Voltemos à situação com encomendas acumuladas no nível de 10.449 a 10.447. É exatamente aquele caso em que o cenário mais provável é a manipulação de jogadores ingénuos: alguns tentam criar artificialmente a impressão de que em determinados níveis haverá uma viragem para cima. Para quê? Para que os outros entrem no mercado com uma posição longa. E os que vão vender os contratos de futuros são aqueles que criaram a impressão.
Como se faz este jogo? Muito fácil. Recorrendo ao nosso exemplo: no nível da cotação atual – de 10.460 – você vende contratos de futuros e depois começa a bombardear o nível de 10.447 com as encomendas de compra com volumes grandes. Você não corre riscos pois estas encomendas encontram-se fora da zona das cotações e não são efetuadas - e mesmo se você comprar por 10.447 irá ganhar com uma posição curta aberta mais cedo (10.460).
O mais importante é que a qualquer segundo você pode retirar a sua encomenda falsa - assim que tiver a certeza de que o impulso necessário se formou no mercado e se moveu de forma lucrativa para si.
Foi o que aconteceu: enquanto eu estava a fazer um screen shot no terminal da EXANTE, 1510 encomendas no nível de 10.447 desapareceram (todas imediatamente!). E dentro de alguns segundos outros – mais de 2.000 – estavam no nível de 10.440.
Em resumo: a "carteira" não reflete a realidade do mercado, mas antes a realidade que está a ser imposta por alguém. No entanto, é uma formulação mais positiva do que negativa.
Na minha opinião, é muito mais produtivo não inventar esquemas malucos de monetização de encomendas na "carteira" (neste caso perderá dinheiro), mas antes aprender a ler a "carteira" na língua em que está a ser escrita – língua de sugestão, mensagem e discurso.
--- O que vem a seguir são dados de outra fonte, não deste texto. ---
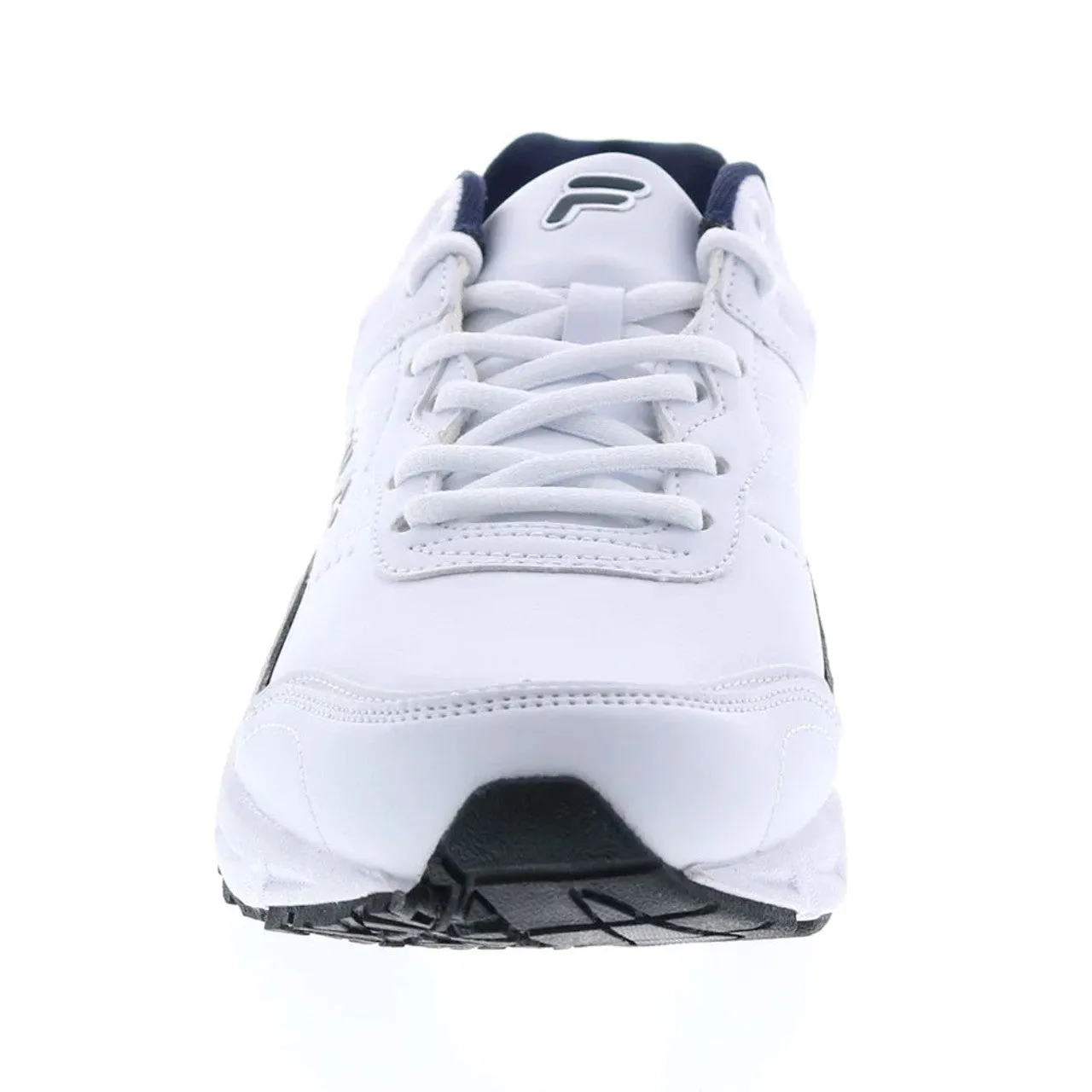 Fila Men's Memory Sportland Running Shoe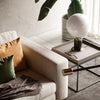 MARCEL - Dušek Décor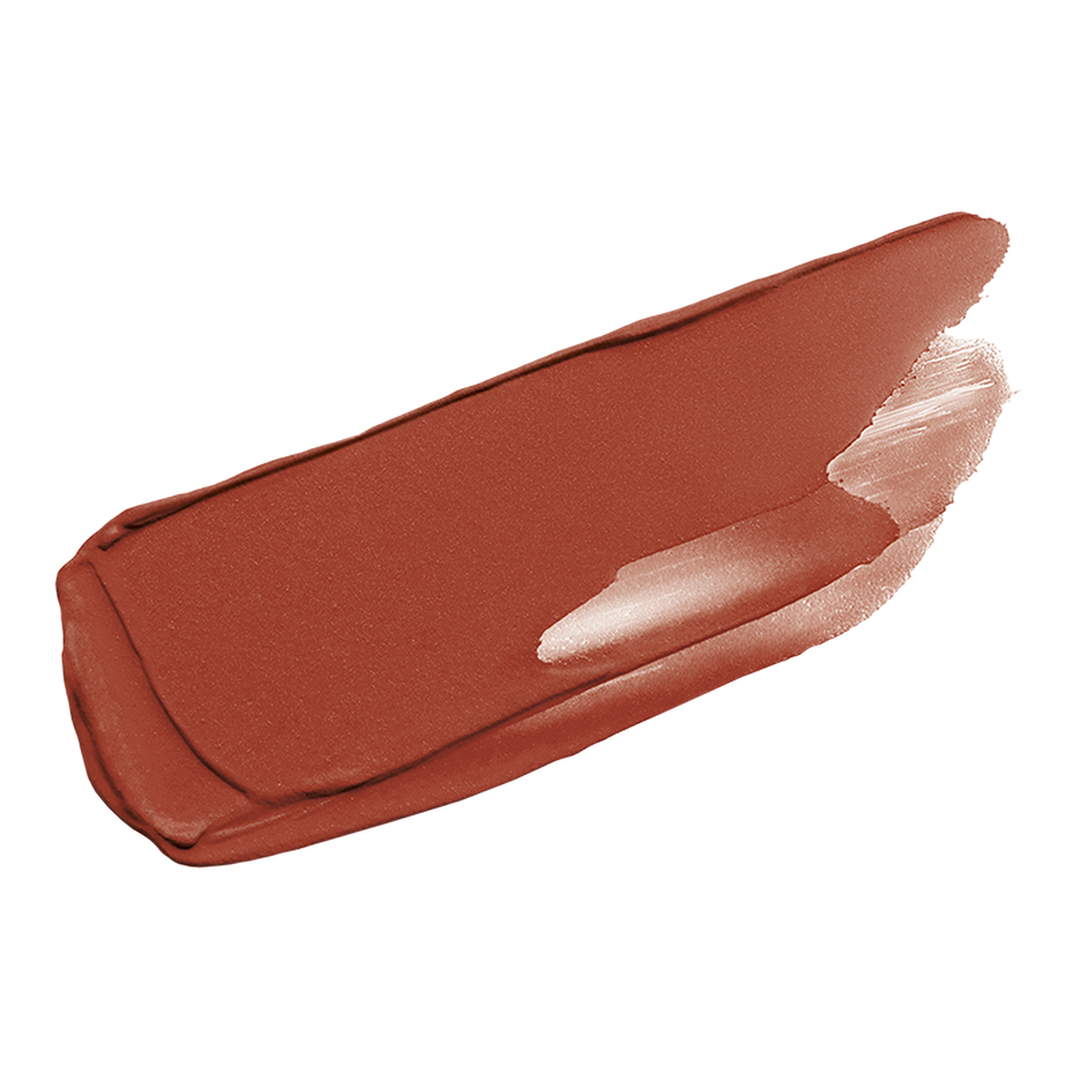 Son GIVENCHY Le Rouge Deep Velvet #N35 Rouge Initié - Kallos Vietnam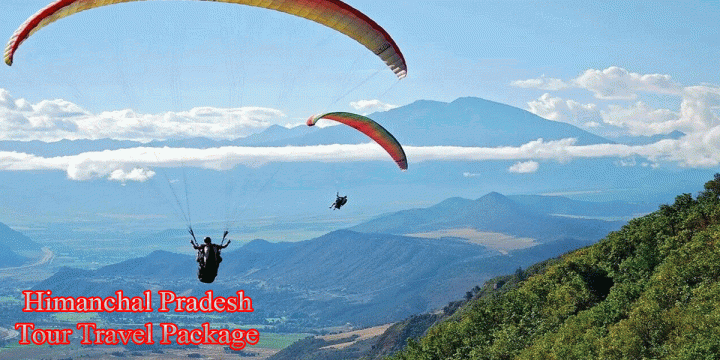 Delhi Holiday Packages | Best travel agent in Delhi
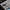 Republic P-47M Thunderbolt. Interior 3D Decals (for Revell Aircraft model kit) Scale 1:72 KeliK K72161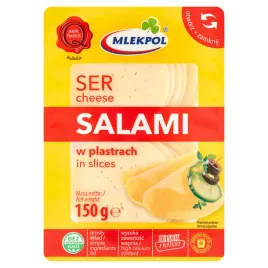mlekpol-ser-salami-plastry-150-g
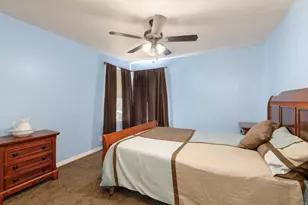 4026 N 3775 E, Eden, UT 84310 - Photo 66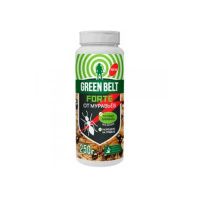 01Ze6666 Муравьин Форте 90г GREEN BELT (24) (Е2160)
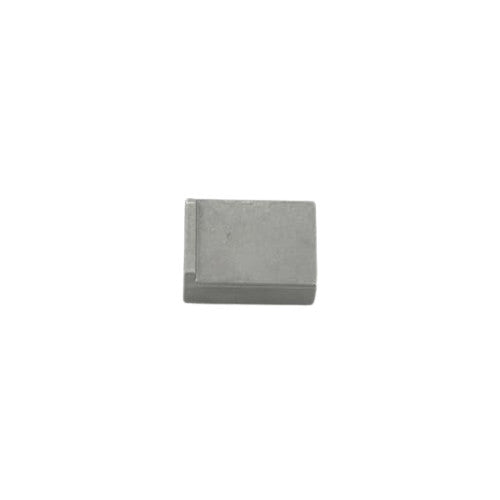 Briggs Stratton Bs396532 - 396421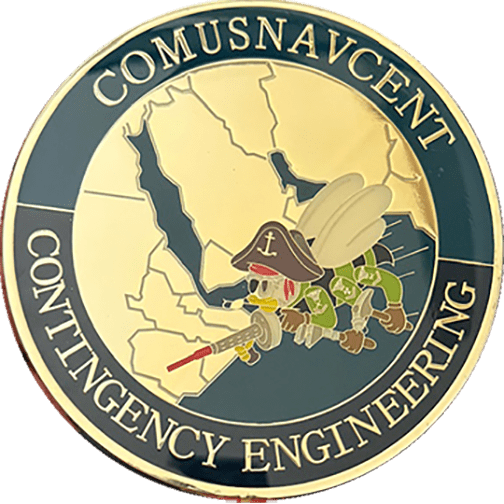 5" BRASS PLATES - Image 4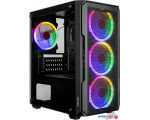 Корпус Ginzzu CL680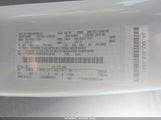Ford F-150 Xlt 1FTEW1CP8KKE41319 снимка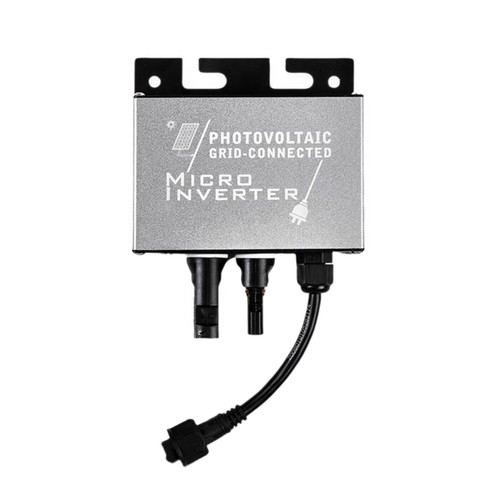 Grid connected 180 265vac - grid-connected, 180-265vac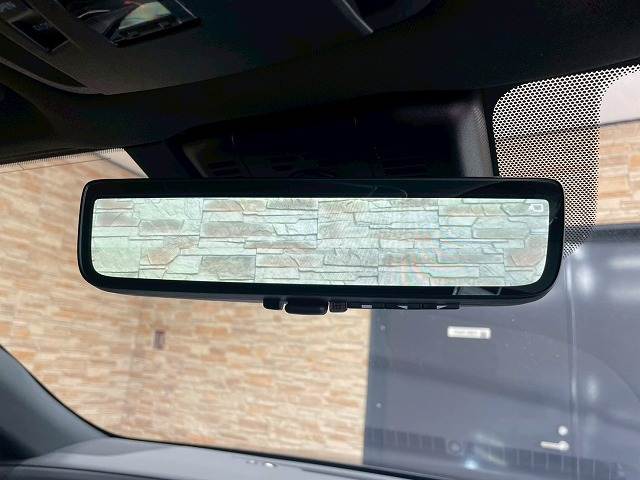 トヨタ&nbsp;クラウンスポーツの画像11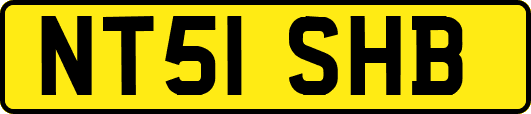NT51SHB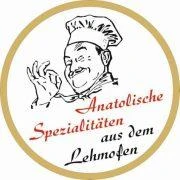 Logo Gaststätte Charisma Inh. Ümüt Akinci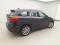 preview BMW X1 #4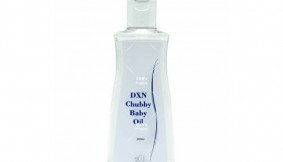 DXN Aloe Vera Cleansing Gel In Pakistan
Observe uma "carteira" durante uma hora e vai entender o que quero dizer: em primeiro lugar, vai aprender a diferenciar as ações fictícias e manipuladoras das flutuações naturais do mercado. Em segundo lugar, vai aprender a sentir o ritmo do mercado. O seu ritmo pode ser calmo, confiante, com uma tendência estável e precisa de subida ou, pelo contrário, queda. O ritmo pode ser nervoso, histérico, interrompido, indeciso e incerto.
Como pode ver, a observação da "carteira" pode ser não só útil (no sentido de formação de uma imagem global do mercado, tão necessária para a sua análise bem-sucedida!), mas também uma atividade interessante – pelo menos no sentido de estudar a psiquiatria coletiva.